Within the last few months advancing age was plainly telling on Mr. Mather. Several attacks of illness, especially of defective action of the heart, warned him that his days were drawing to a close. On Monday last he was attacked by influenza, and in his enfeebled condition he gradually sank under the depressing effects of that malady, till after only three days' illness he quietly expired at noon on Saturday.

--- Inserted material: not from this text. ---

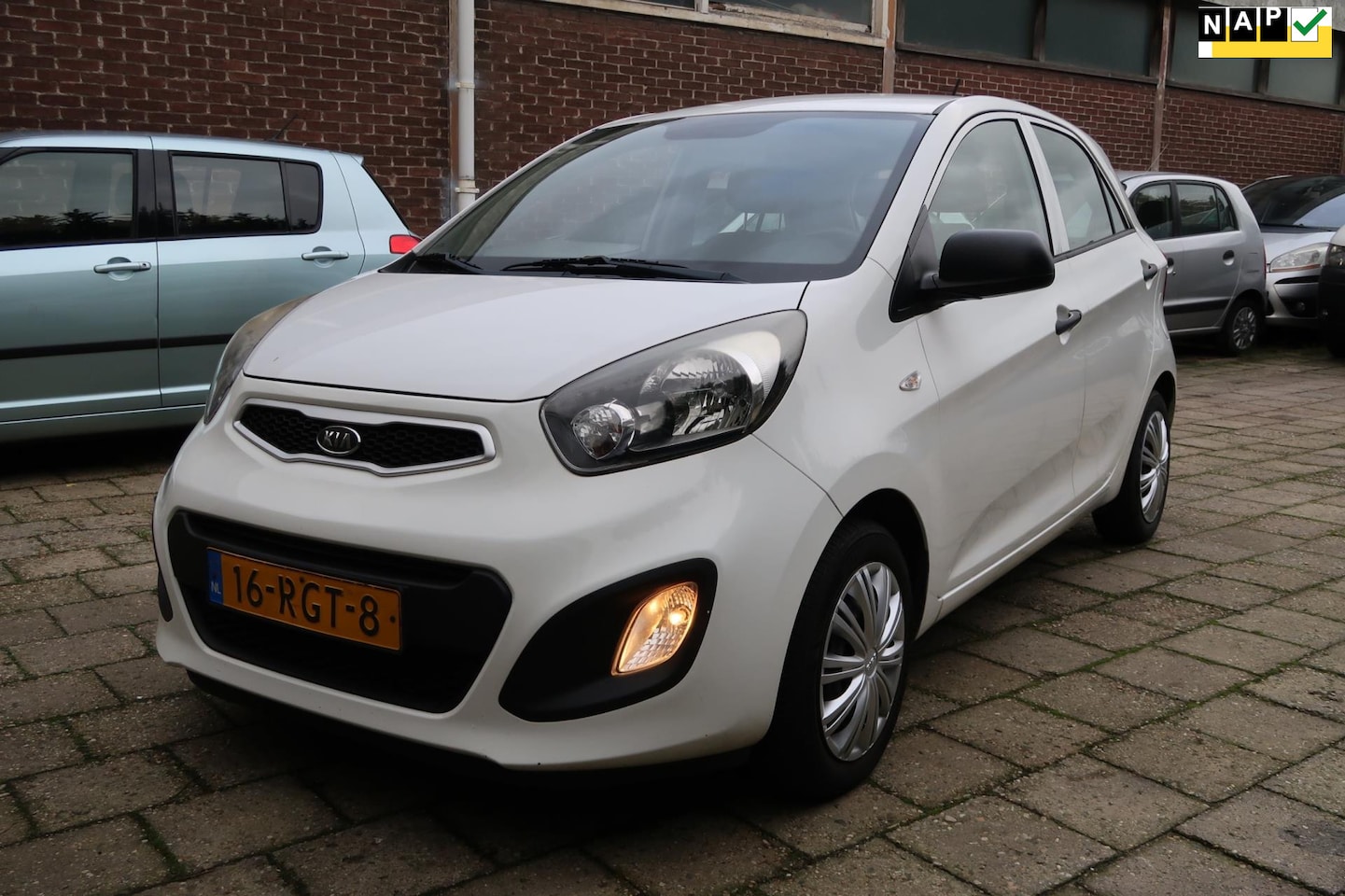 Kia Picanto - 1.0 CVVT Airco 1.0 CVVT Airco - AutoWereld.nl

Mr. Mather married in 1842 a daughter of the late Mr. Francis Cotton, of Swanport Four children survive him ; one son, Mr. J, F. Mather, who carries on the business, and three daughters, one of whom is married to Mr. C. H. Robey, and another to Mr. Wm. Benson, of Waratah, New Town,

Of Mr. Mather it may be emphatically said that he was a good man. He never came before the public, but his life was occupied in the daily round of homely duties and unobtrusive effort for the welfare of his fellow men, especially of those who were poor and needy. Such a life has little to show in the way of incident which can be recorded in the columns of a newspaper. But it is to such men, more perhaps than to those who hold a prominent place in the public eye, that a community owes its advancement in those things which go to build it up in the more important elements of national well-being,

Mr. Mather has been gathered to his fathers in a ripe old age, universally respected as a good citizen, and sincerely regretted by a large number of friends. His slight figure, clad in the quaint old Quaker garb, to which through all the changes of fashion he steadfastly adhered during 50 years, will be missed by many from the streets of Hobart, and by none more than by the poor and friendless, amongst whom he went about doing good.

THE FUNERAL

The universal respect in which Mr. J. B. Mather was held, was unmistakably evidenced in the large and representative gathering of every class of the community, who assembled at his late residence in Colville-street, and accompanied the remains to their final resting piece in the burial ground belonging to the Society of Friends. The morning was brilliantly fine, and the impressiveness of the scene, as the large numbers both on foot and in carriages slowly followed the hearse, was heightened by the presence of a numerous band of boys, comprising the scholars of the Friends' School, and the inmates of the Boys' Reformatory, in whose welfare the deceased gentleman took such a warm interest. Around the open grave, on the side of which the coffin had been placed, there stood the relatives of the deceased, representative ministers of nearly every religious denomination, and many a man and woman, who, though deeply feeling their loss, could, through it all, bless God that such a man as Joseph Benson Mather had lived. For some minutes all remained silent, the large concourse reverently waiting the utterances of those who should be moved to address the assemblage. The first to speak was Mr. Henry Propsting, an old and valued friend, who was followed by Mr. J. Ridley Walker. Then Mr. S. Clemes, the master of the Friends' School, spoke of the joy that should fill all true hearts on such an occasion, when to depart was " far better," and that though " our earthly house of this tabernacle were dissolved, we have a building from God, a house not made with hands, eternal, in the heavens," concluding with prayer. The Rev. George Clarke followed, testifying in eloquent words to the great and exceeding value of the quiet, Christ-like life, declaring that the Church of Christ owed more to such lives than to those of the gifted and eloquent whose fame filled the world. The last speaker was Mr. Francis Mather, son of the deceased. This most impressive service was fitly concluded with a hymn, sweetly sung by the children of the Ragged School, and then the large assemblage gradually dispersed, not unimpressed with a service, so reverently, so quietly, and so happily conducted.